Иван тотчас увел младших; они были такими потерянными, такими непривычно тихими и послушными в эти дни. А ведь их предстояло вырастить, выучить и направить в жизнь, и все эти заботы грозили свалиться на нее одну.
– Садитесь, – сказала Варя. – Нам надо поговорить.
Все расселись. Она осталась стоять, вглядываясь в такие родные, такие знакомые и такие похожие друг на друга лица. Все они сейчас почему-то избегали ее взгляда; только небрежно обросший юношеской клочковатой бороденкой Федор смотрел на нее, но думал о чем-то ином: глаза были пустыми, отсутствующими. Видно, опять был в плену какого-то вдруг принятого решения и уже предвкушал результат, еще не начав действовать. «Наш Феденька из неубитого медведя уже по себе шубу кроит», – говорила в таких случаях мама.
– Кажется, мы наконец-то становимся взрослыми, – неуверенно нащупывая подходы, начала Варя. – Вернее, должны стать взрослыми, если способны оценить мамину… – Она не решилась произнести слово «смерть». – Оценить, что мамы больше нет. Мы сироты, да, да, круглые сироты, поскольку батюшка нам отцом так и не стал.
– Варя, так не следует говорить, – строго сказала Маша. – Это несправедливо и непочтительно.
– Несправедливо, непочтительно, но верно, – сказал Гавриил. – Варя права: пора научиться смотреть правде в глаза.
– Несправедливо, но – правда? – Маша возмущенно тряхнула тяжелой косой. – Разве может существовать несправедливая правда? Это же иезуитство какое-то: несправедливая правда! Может быть, это исповедуют в полках, но исповедовать это в жизни…
– Оставь, Маша, – ломающимся баском прервал Владимир. – Нашла время для споров. И кстати, именно офицерский корпус с его особым, я бы сказал, рафинированным отношением к личной чести не заслужил твоих оскорбительных намеков.
– Не надо спорить, – примирительно сказала Варя. – Вероятно, я неточно выразилась, но суть в том, что мы – семья, понимаете? Мы – семья, – твердо, как заклинание, повторила она, – единая семья, одно целое. Конечно, мы разъедемся, разлетимся, у каждого будут свои заботы, а потом и своя семья, но где бы мы ни были, куда бы ни забросила нас судьба, мы должны помнить, что мы – одно целое, что нет крепче уз, чем те, которыми мы связаны. Мы – мамины дети, помните это всегда.
– Мужицкие дети, это ты хотела сказать? – с усмешкой спросил Гавриил. – Не стоит, Варвара. Не стоит наступать на мозоль. И забыть нам о ней не дадут, даже если бы мы сами хотели этого. Не дадут, господа лошаки, не дадут-с!

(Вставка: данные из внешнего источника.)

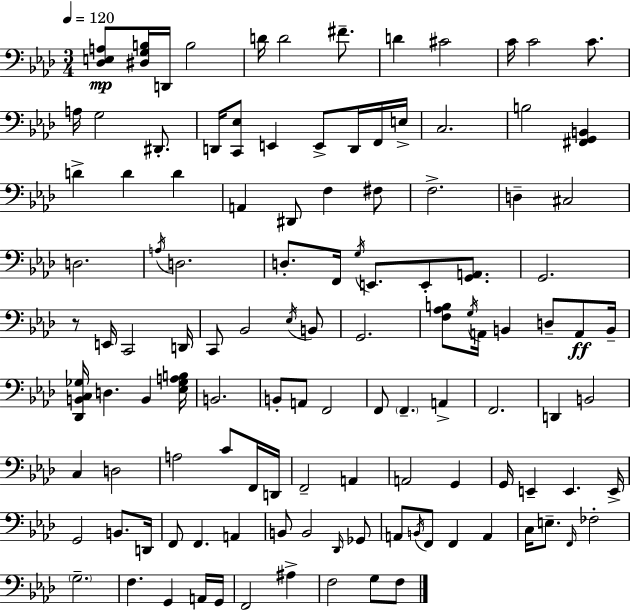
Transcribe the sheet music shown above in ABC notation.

X:1
T:Untitled
M:3/4
L:1/4
K:Fm
[_D,E,A,]/2 [^D,G,B,]/4 D,,/4 B,2 D/4 D2 ^F/2 D ^C2 C/4 C2 C/2 A,/4 G,2 ^D,,/2 D,,/4 [C,,_E,]/2 E,, E,,/2 D,,/4 F,,/4 E,/4 C,2 B,2 [^F,,G,,B,,] D D D A,, ^D,,/2 F, ^F,/2 F,2 D, ^C,2 D,2 A,/4 D,2 D,/2 F,,/4 G,/4 E,,/2 E,,/2 [G,,A,,]/2 G,,2 z/2 E,,/4 C,,2 D,,/4 C,,/2 _B,,2 _E,/4 B,,/2 G,,2 [F,_A,B,]/2 G,/4 A,,/4 B,, D,/2 A,,/2 B,,/4 [_D,,B,,C,_G,]/4 D, B,, [_E,_G,A,B,]/4 B,,2 B,,/2 A,,/2 F,,2 F,,/2 F,, A,, F,,2 D,, B,,2 C, D,2 A,2 C/2 F,,/4 D,,/4 F,,2 A,, A,,2 G,, G,,/4 E,, E,, E,,/4 G,,2 B,,/2 D,,/4 F,,/2 F,, A,, B,,/2 B,,2 _D,,/4 _G,,/2 A,,/2 B,,/4 F,,/2 F,, A,, C,/4 E,/2 F,,/4 _F,2 G,2 F, G,, A,,/4 G,,/4 F,,2 ^A, F,2 G,/2 F,/2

Он замолчал, с излишней торопливостью прикуривая новую папиросу. Все смотрели на него и тоже молчали, и в этом молчании было не столько удивление, сколько стыд за него, будто он, старший, сделал сейчас нечто глубоко безнравственное.
– Ты это скверно сказал, Гавриил, – вздохнул Федор. – Очень скверно, прости уж, пожалуйста.
– Подло! – крикнула Маша, и в глазах ее показались слезы. – Это подло, низко и гадко! Зачем ты приехал сюда? Зачем? Чтобы плюнуть в гроб?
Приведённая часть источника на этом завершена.